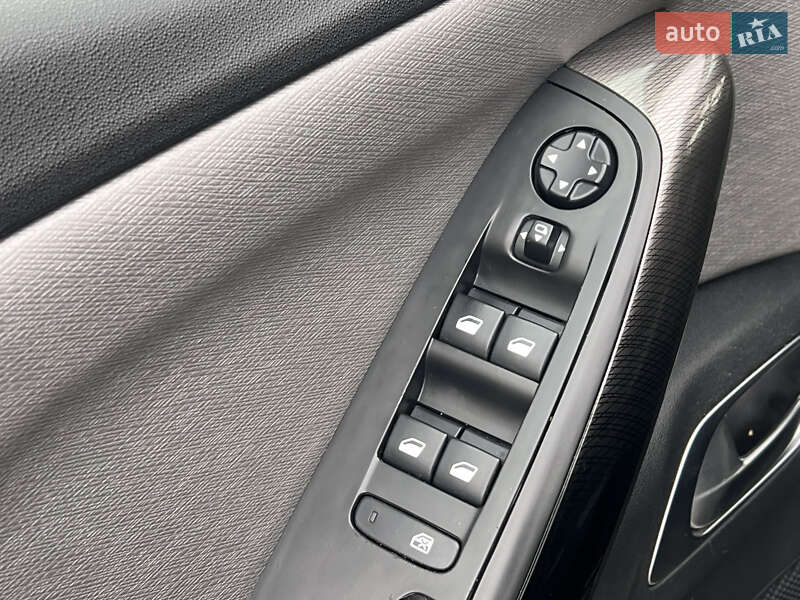 Мінівен Citroen Grand C4 Picasso 2015 в Львові фото 74 Мінівен Citroen Grand C4 Picasso 2015 в Львові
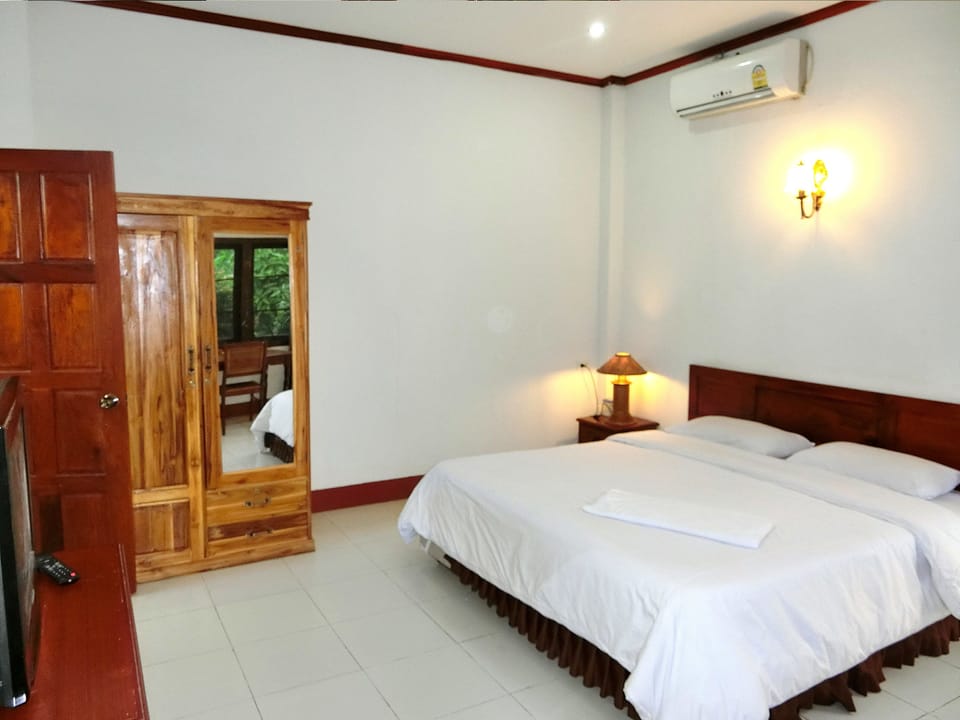 Superior Double Room | Desk, free WiFi, bed sheets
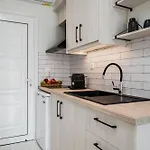 Pool Apartments, Elena & Maria By Konnect *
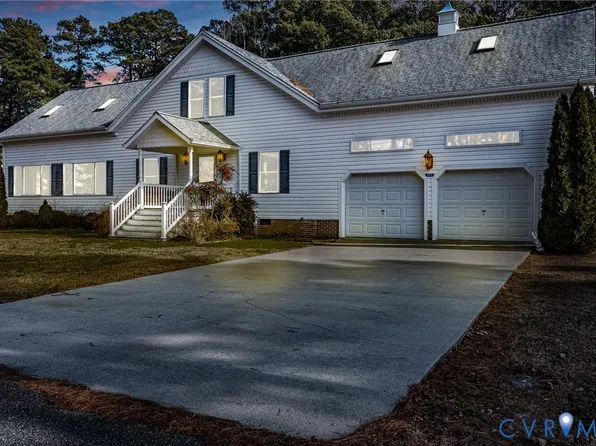 273 Sutton Ave, Reedville, VA 22539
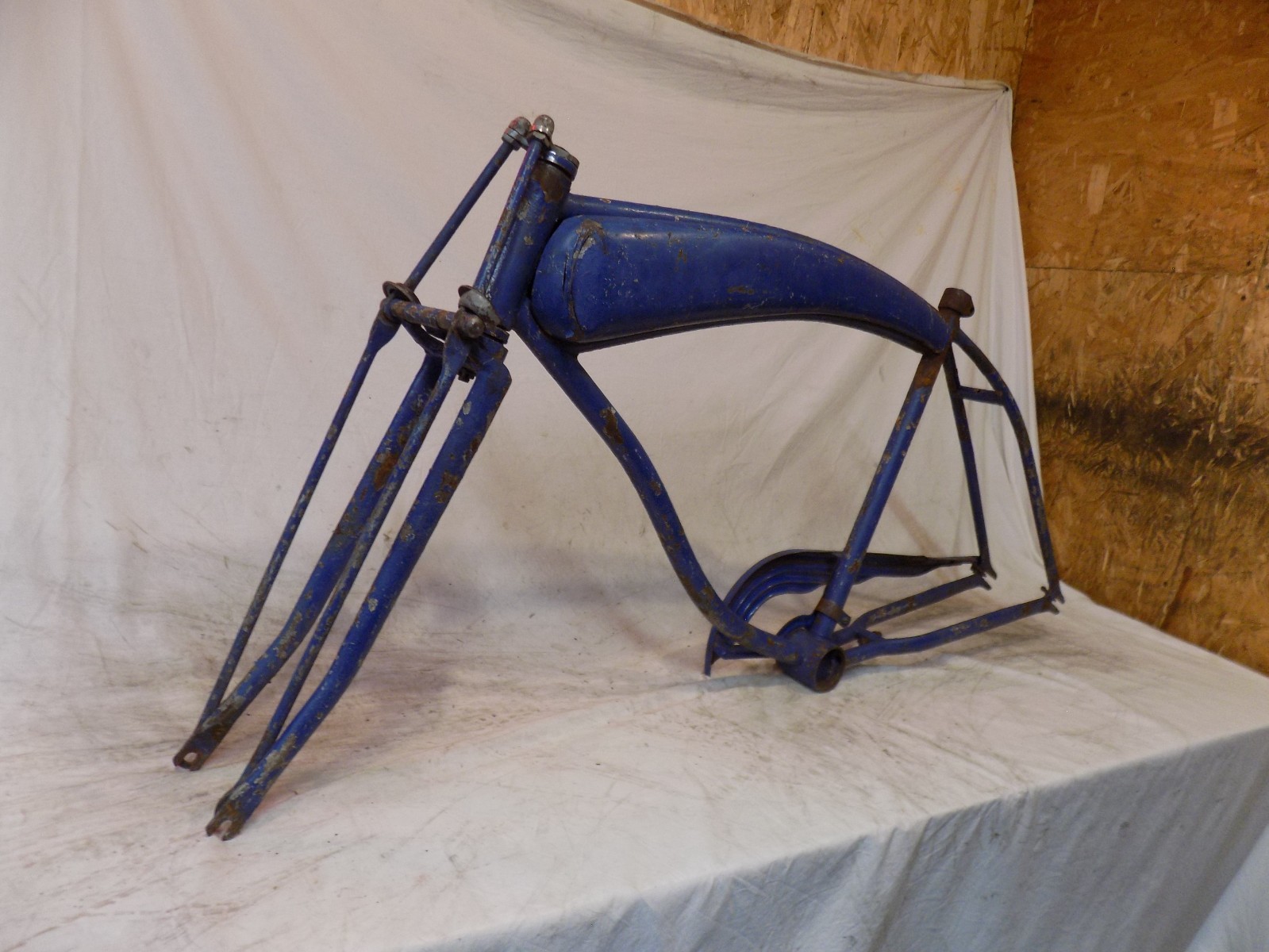 PREWAR SHELBY HIAWATHA MENS BIKE FRAME TANK FORKS CWC SCHWINN VINTAGE BARN FIND!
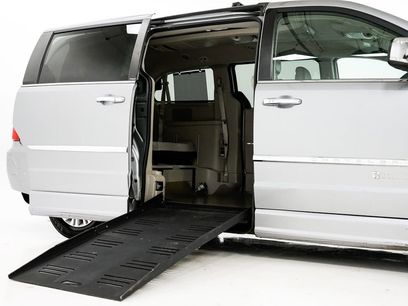 Used 2013 Chrysler Town & Country Limited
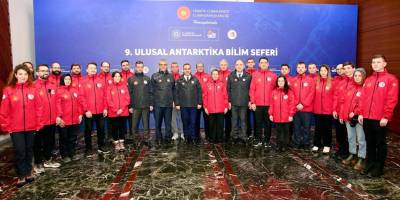 Türk Haritacılar Antarktika'da Piri Reis'in izinde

-=-=-

* What needs to be done *
For this exercise, repeat word for word only the lines from the one containing "Superior Double Room" through the end of the data, including both. Pictures do not go in the copy.

* Exercise answer *
 Superior Double Room | Desk, free WiFi, bed sheets
 Pool Apartments, Elena & Maria By Konnect *
 273 Sutton Ave, Reedville, VA 22539
 PREWAR SHELBY HIAWATHA MENS BIKE FRAME TANK FORKS CWC SCHWINN VINTAGE BARN FIND!
 Used 2013 Chrysler Town & Country Limited
 Türk Haritacılar Antarktika'da Piri Reis'in izinde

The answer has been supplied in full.